Eagle Valley volleyball sweeps Summit | VailDaily.com

2022-09-17 02:40:34 By : Mr. Peter Liang

The valley volleyball teams have been put on notice: the Summit Tigers are much improved. Eagle County’s I-70 rivals, however, aren’t on Eagle Valley’s level quite yet. The Devils dispatched the delegates from the other side of Vail Pass 25-17, 25-16, and 25-21 in a battle that felt much more intense than last September’s 25-14, 25-10, 25-9 drubbing.

“New coach, new system — and it’s great, we need some competition,” Garvey praised in regard to the visitors and their new coach, Cynthia Durloo.

“Coming out there and challenging us — to be down in that third set and fight back, we did the same thing in Steamboat — so, just really proud of the girls’ resiliency. They listen really well and they want to learn.”

A back and forth first set was knotted up at 10-10 before the Devils’ hitters got going. Taylor Hooper and Talia Crawford initiated a 6-1 run. The well-oiled Eagle Valley machine didn’t give Summit much time to breathe in a 25-17 opening win.

If the first set was about power, the second was about touch and placement. The Devils’ middle hitters showed spike but switched gears mid-flight with touch-shots over the Summit defense.

“Every once in a while we’ll come back and start attacking just a little bit too strong and so our players have to just kind of reorient themselves,” said Garvey.

“And it gets hard sometimes — you want to pound that ball. You have to resist it, you have to score with the tip.”

Trailing 5-2, the hometown student section instigated a comeback with the ol’ “there’s a net there,” chant after a Summit spike sailed south. Behind libero Natalie Izbicki’s serving, the Devils went on a 6-0 run, punctuated with an “up high and down hard” kill from Crawford that would have made Monday Night Football’s Kevin Harlan proud.

“Our serving game really improved in that second set; that’s one of the things we count on.”

Eagle Valley’s 8-5 lead, however, didn’t intimidate the Tigers, who crawled back and actually took the lead 11-10 when Hooper’s drive went long. After tying it up, the sophomore skyed for redemption, but laid it gently over the rising Summit block instead of trying to hammer it home — and it worked for the 12-11 lead.

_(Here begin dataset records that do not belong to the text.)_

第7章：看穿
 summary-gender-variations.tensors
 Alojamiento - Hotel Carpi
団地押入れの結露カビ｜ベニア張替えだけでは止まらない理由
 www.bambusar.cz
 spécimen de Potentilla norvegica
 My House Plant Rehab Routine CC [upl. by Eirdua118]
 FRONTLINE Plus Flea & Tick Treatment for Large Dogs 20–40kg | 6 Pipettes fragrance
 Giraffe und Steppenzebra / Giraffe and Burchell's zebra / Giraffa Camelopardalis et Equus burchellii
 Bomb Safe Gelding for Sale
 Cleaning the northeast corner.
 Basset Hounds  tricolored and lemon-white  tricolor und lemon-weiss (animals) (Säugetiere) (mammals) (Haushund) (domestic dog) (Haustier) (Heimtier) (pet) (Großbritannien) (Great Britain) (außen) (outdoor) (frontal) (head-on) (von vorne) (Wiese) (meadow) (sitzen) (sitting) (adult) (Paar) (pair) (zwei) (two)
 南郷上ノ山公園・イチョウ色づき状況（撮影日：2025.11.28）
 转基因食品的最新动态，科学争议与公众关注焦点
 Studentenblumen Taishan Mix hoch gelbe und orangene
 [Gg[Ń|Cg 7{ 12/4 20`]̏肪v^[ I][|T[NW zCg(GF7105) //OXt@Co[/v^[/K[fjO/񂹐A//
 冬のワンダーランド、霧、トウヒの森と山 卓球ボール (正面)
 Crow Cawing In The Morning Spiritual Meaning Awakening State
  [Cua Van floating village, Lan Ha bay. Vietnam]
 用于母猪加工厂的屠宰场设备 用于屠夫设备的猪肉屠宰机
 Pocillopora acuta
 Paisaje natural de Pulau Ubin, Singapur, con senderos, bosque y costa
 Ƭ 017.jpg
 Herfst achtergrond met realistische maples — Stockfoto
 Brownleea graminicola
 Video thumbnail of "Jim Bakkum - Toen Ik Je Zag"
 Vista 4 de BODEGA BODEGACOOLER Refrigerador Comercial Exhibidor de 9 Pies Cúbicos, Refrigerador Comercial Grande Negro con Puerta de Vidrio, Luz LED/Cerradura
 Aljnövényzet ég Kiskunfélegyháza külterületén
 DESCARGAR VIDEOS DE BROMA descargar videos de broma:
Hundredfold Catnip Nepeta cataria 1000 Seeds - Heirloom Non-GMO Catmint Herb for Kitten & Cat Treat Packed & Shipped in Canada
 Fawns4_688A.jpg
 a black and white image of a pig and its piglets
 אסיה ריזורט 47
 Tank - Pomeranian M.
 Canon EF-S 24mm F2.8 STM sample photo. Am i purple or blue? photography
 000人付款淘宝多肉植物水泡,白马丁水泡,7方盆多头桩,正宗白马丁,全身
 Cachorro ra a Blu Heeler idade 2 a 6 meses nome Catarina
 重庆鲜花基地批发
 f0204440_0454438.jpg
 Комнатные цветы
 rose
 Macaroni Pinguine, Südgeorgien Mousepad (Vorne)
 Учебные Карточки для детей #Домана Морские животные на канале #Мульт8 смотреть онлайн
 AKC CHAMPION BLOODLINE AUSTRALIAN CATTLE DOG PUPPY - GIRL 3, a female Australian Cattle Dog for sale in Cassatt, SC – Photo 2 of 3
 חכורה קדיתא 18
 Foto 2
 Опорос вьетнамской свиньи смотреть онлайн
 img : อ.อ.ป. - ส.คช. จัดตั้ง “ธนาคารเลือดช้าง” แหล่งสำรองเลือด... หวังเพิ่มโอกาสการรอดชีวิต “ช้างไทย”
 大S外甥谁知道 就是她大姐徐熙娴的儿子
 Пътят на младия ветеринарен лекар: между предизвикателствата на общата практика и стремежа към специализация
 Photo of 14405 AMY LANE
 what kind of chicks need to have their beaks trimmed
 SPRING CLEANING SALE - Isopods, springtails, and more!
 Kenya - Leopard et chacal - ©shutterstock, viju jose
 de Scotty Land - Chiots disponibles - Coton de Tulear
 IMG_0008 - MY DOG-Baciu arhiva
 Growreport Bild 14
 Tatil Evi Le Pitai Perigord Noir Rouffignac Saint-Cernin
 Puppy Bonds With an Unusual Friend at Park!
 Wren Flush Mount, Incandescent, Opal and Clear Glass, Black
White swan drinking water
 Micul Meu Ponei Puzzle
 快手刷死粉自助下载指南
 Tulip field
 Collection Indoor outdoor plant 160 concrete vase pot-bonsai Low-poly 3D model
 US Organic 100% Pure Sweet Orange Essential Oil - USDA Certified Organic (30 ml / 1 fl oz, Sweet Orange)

The Devils didn’t look back from there, cruising to 18-14 before Durloo, who has done a marvelous job of rejuvenating a team that was 3-20 last year and is 2-3 so far in 2022, called for a timeout.

The reset didn’t do much in the way of dampening Eagle Valley, however, who went on a 7-2 run to close out the set and go up 2-0.

The Devils trailed 6-10 early in the third, but seemed to be searching for momentum when sophomore Aspen Misch checked into the game and sent one straight into the floor to make it 11-8. From there, however, it was all Summit, who surged to a 17-11 lead.

An errant serve and another shot into the net — which woke up the student section — started a 7-1 run. Eagle Valley finally reclaimed the lead 20-19, thanks to a hustling dive by Yurcak to keep the ball in play. On the next possession, the setter made Misch look good with a perfect assist. Though she sent one out of bounds to make it 21-20, she made up for it with another assist to Hooper.

“C.J.’s decision-making in the final set really kept them off-guard,” Garvey said. “They didn’t know where we were coming from.”

After a marathon volley — which was prolonged by another Devil who sprinted to left field to keep things alive — the Devils held a 23-20 advantage, forcing another Tiger timeout. Two plays later Chloe Nicholds served it into the net to end the game at 25-21.

With the win, the Devils improved to 6-3. They travel to Denver for a tournament this weekend, where they’ll face Denver East, Mountain Vista, Eaglecrest and Rampart.

“We’re looking to continue to get better,” Garvey said.

“We’re going down there because we want to see tough opponents and we’re looking forward to that challenge.”